I am thinking I may be able to get some of the parts from a store that deals with brewing beer?

I have a low budget and just want to figure out how to get a system that will work well. It would be nice to be able to send it to a few different tanks.

I am in Kingston so your local stores can't really help me. I need to figure out what type of stuff I need and see if I can buy it locally or order online.

could I just replace the needle valve on the linked system? Or would that be pointless?


----------



## Darkblade48 (Jan 28, 2008)

pyrrolin said:


> I am seriously considering a proper C02 system but its at least a couple months away and just starting research.


It is a good investment!



pyrrolin said:


> from what I can understand, I need a tank, regulator which controls the flow from the tank, not sure what needle valve is for, hose for c02 to geto the tank and a diffuser.


As mentioned in my CO2 guide, the needle valve further reduces the pressure of the CO2 that is coming out from the regulator. We require "bubbles per second" rates, which is essentially negligible flow by regular standards.

There are other optional equipment that I wrote about as well, such as a bubble counter, drop checker, solenoid, etc.



pyrrolin said:


> I am thinking I may be able to get some of the parts from a store that deals with brewing beer?


Yes, but retail prices are usually quite expensive.

You can likely get a retail beer regulator from them for ~$100+

You can also obtain CO2 cylinders from them, but there are cheaper alternatives (again, listed in my CO2 article).



pyrrolin said:


> I have a low budget and just want to figure out how to get a system that will work well. It would be nice to be able to send it to a few different tanks.


What is your budget? Pressurized CO2 is a sizeable initial investment, but with the proper equipment and proper care (no dropping the equipment onto the floor please!), the equipment should easily last a life time. If you try to scrimp and save by buying cheaper equipment, you may find yourself spending more down the road to upgrade subpar equipment.



pyrrolin said:


> I am in Kingston so your local stores can't really help me. I need to figure out what type of stuff I need and see if I can buy it locally or order online.


For regulators, check out beer making stores. For CO2 cylinders, you can check beer making stores, but also hydroponic stores. Needle valves you will likely have to look online. For the other optional parts, there are various sources.



pyrrolin said:


> could I just replace the needle valve on the linked system? Or would that be pointless?


You can do that as well, but a new needle valve would be at least $30 on top of the cost, so you might as well spend the extra money in the first place and get it right the first time around rather than buying a complete system, then spending time to look for a new needle valve, and then taking it apart, testing it, etc.

On another note, keep an eye out for my for sale thread in the Buy and Sell subsection of these forums.
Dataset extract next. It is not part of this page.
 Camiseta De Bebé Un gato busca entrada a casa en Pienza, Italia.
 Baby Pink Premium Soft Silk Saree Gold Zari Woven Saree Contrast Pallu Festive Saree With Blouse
I am currently building some regulator setups. More information can be found here as well:

http://gtaaquaria.com/forum/showthread.php?t=38868


----------



## pyrrolin (Jan 11, 2012)

I just skimmed your full C02 system post and it was the best explaination of the parts I have ever seen, I actually kinda get it now. This needs to be a sticky!

But one question, if I want to use the same tank and regulator for more than one aquarium, do I just have to get a brass splitter and a needle valve for each tank or what?


----------



## pyrrolin (Jan 11, 2012)

omg, it is a sticky in equipment, how did I miss that?


----------



## df001 (Nov 13, 2007)

pyrrolin said:


> I just skimmed your full C02 system post and it was the best explaination of the parts I have ever seen, I actually kinda get it now. This needs to be a sticky!
> 
> But one question, if I want to use the same tank and regulator for more than one aquarium, do I just have to get a brass splitter and a needle valve for each tank or what?


Yeah exactly - you get a manifold, and a needlevalve/bubble counter for each one, if you're doing multiple tanks, I'd look into buying a larger tank, if your space permits a 20# tank will be cheaper in the long run.

I'll second darkblade84s' comment of take your time and spend your money wisely, else you'll be re-doing it later. also if you're not in a rush you can find some great deals on the forum.


----------



## Darkblade48 (Jan 28, 2008)

pyrrolin said:


> I just skimmed your full C02 system post and it was the best explaination of the parts I have ever seen, I actually kinda get it now. This needs to be a sticky!





pyrrolin said:


> omg, it is a sticky in equipment, how did I miss that?


It is a sticky 



pyrrolin said:


> But one question, if I want to use the same tank and regulator for more than one aquarium, do I just have to get a brass splitter and a needle valve for each tank or what?





df001 said:


> Yeah exactly - you get a manifold, and a needlevalve/bubble counter for each one, if you're doing multiple tanks, I'd look into buying a larger tank, if your space permits a 20# tank will be cheaper in the long run.
> 
> I'll second darkblade84s' comment of take your time and spend your money wisely, else you'll be re-doing it later. also if you're not in a rush you can find some great deals on the forum.


Yes, you will need to get a splitter (manifold) and then get multiple needle valves. You can also have two solenoids so that each aquarium can have its own controllable CO2, or you can just have one solenoid if you don't mind the schedule being the same for both aquariums.


----------



## pyrrolin (Jan 11, 2012)

Thanks! When the system is in the budget I will reread your post and go about building one. With luck it will be sooner rather than later.


----------